The 88-year-old Icahn, who goes after undervalued companies, has not spelled out the strategy he wants JetBlue to embrace. On Monday he disclosed a stake of about 10% in the airline, one of his first big moves of 2024.

Jesse Lynn, general counsel of Icahn Enterprises and Steven Miller, portfolio manager of Icahn Capital, will join its board, JetBlue said on Friday.

“We appreciate the constructive engagement we have had with JetBlue’s board and leadership team,” Icahn said in a statement.

JetBlue’s shares were up about 3% in extended trading.

Shares of the New York-based airline have lost more than half their value in the past two years amid a struggle to return to sustainable profitability. The company not only faces a challenge to plot its path forward after a U.S. federal judge blocked its planned $3.8 billion acquisition of ultra-low-cost carrier Spirit Airlines (NYSE:SAVE), but is also grappling with higher operating costs and uneven travel demand.

JetBlue said the Icahn Group has agreed not to conduct a proxy contest or engage in any solicitation of proxies regarding any matter, including the election of directors at its annual meeting this year.

Lynn and Miller will serve as non-voting observers to the board through JetBlue’s annual meeting of stockholders this spring, after which time they will join the board as full voting members.

With the additions of Lynn and Miller, the JetBlue board will expand to 13 directors, 12 of whom are expected to be independent, the airline said.

Icahn has built his reputation over the years as a corporate raider and activist shareholder, pressuring companies to make changes to their business strategies and boost their stocks.
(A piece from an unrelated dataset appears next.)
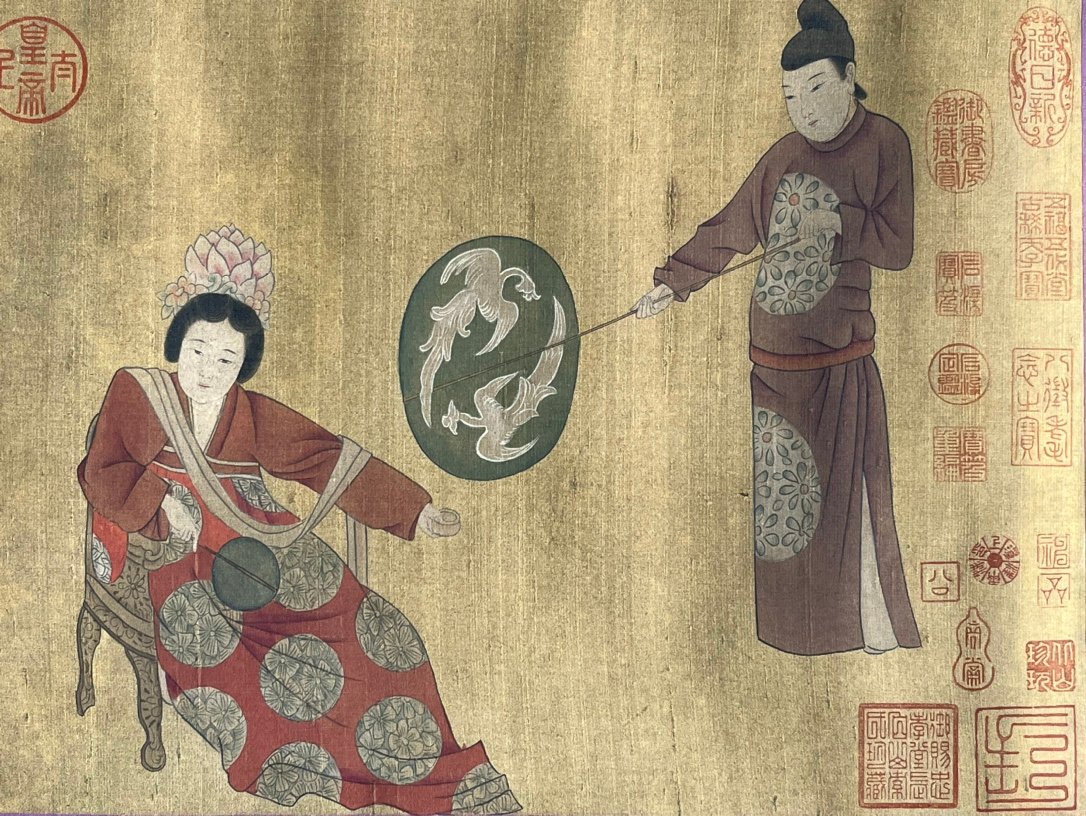 Chinese scroll painting Zhou Fang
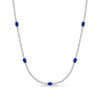 Sapphire & Diamond Timeless Tennis Necklace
JetBlue and Spirit have both asked for an expedited appeal of the judge’s recent decision, with a U.S. appeals court set to hear arguments in June. But some analysts say the chances of a successful appeal are low.
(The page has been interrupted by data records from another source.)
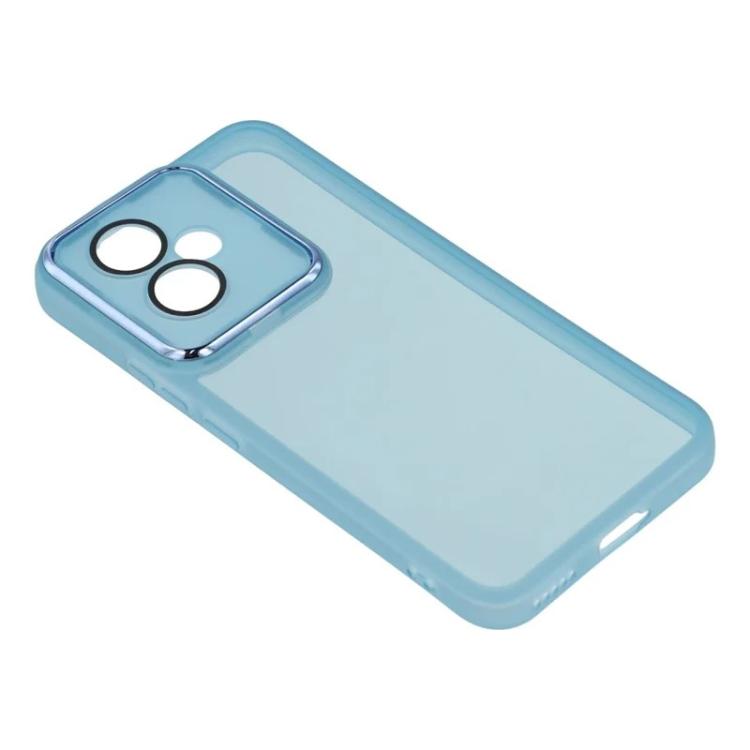 For Honor 400 5G Global 156.5mm WANLONFENG Electroplated Frame Translucent TPU Phone Case with Screen Film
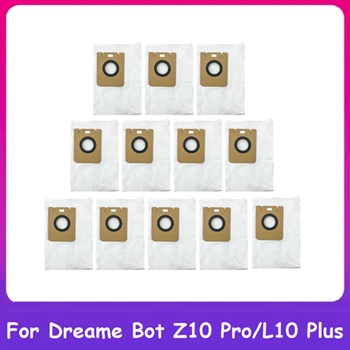 12 бр. нетъкан торба за прах за Xiaomi Dreame Bot Z10 Pro/L10 Plus, робот-прахосмукачка с автоматично опорожнением, резервни части за замяна на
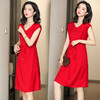 上海旗袍厂ASE-2251气质时尚系带真丝连衣裙 商品缩略图0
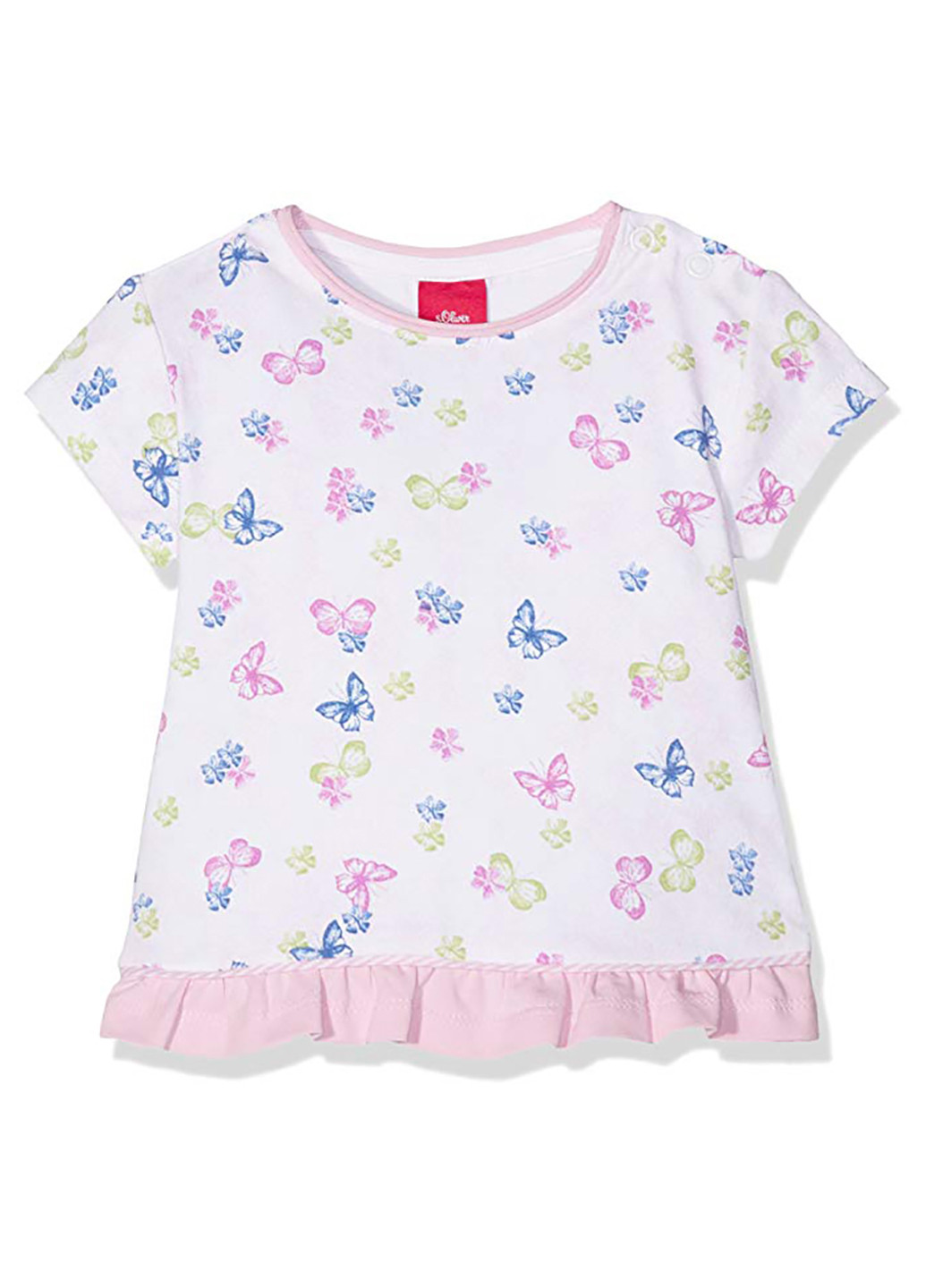 Біла літня футболка S.Oliver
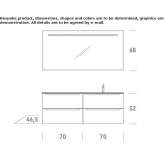 Ocritech single wall cabinet under washbasin with drawers Skalica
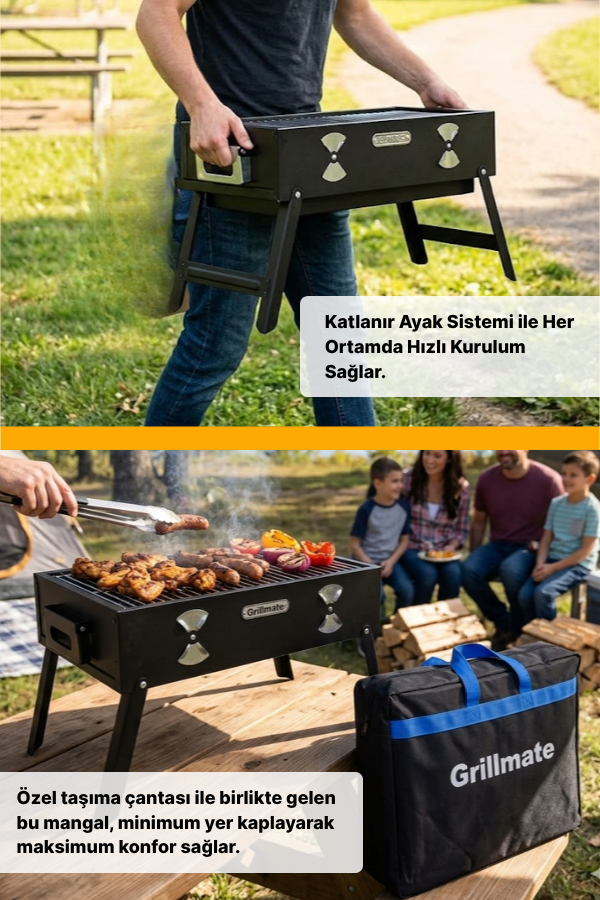Grillmate Roadtrip Çantalı Katlanır Ayak Mangal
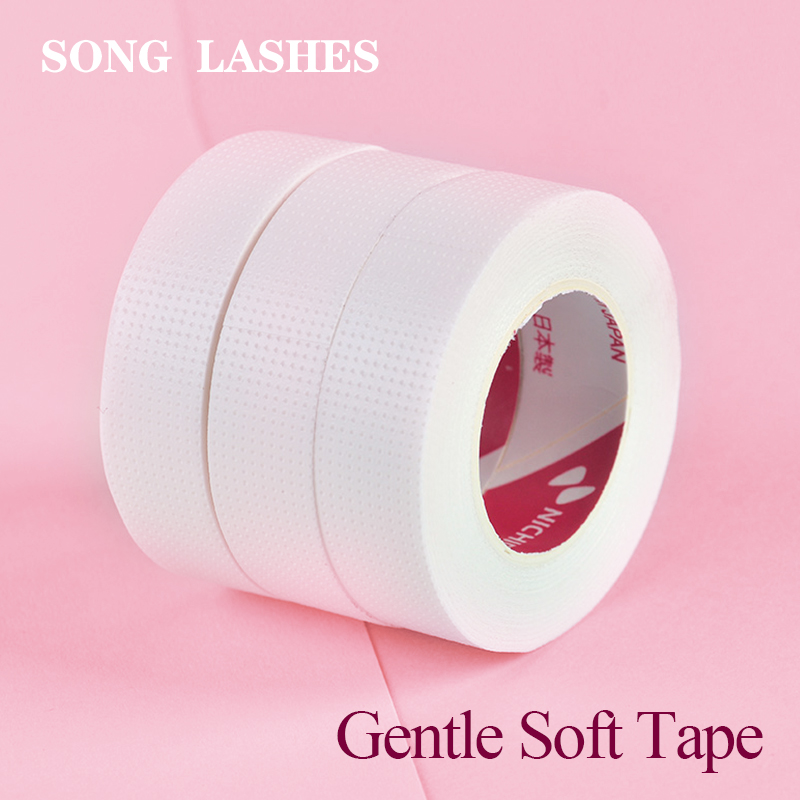 Eyelash Extension Japan - Songlashes-まつげエクステの6ロール,透明な医療用紙テープ,通気性のあるメイクアップツール,日本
JetBlue’s new CEO, Joanna Geraghty, has vowed “aggressive action” to return the airline to profitability.

The company’s proposed acquisition of Spirit, however, has become a bigger issue for some analysts. With concerns mounting over Spirit’s finances, they say JetBlue would be better off walking away from the deal as it runs the risk of impairing its balance sheet.

In a regulatory filing this week, JetBlue acknowledged that its indebtedness following the merger will be substantially higher and could increase borrowing costs. Yet the company last month said the merger agreement remained in effect.

JetBlue’s stock has gained 36% since the merger ruling.

Analysts at Deutsche Bank this week said Icahn’s investment in the U.S. airline industry reinforced their view that the sector would likely undergo more restructuring beyond previously announced mergers.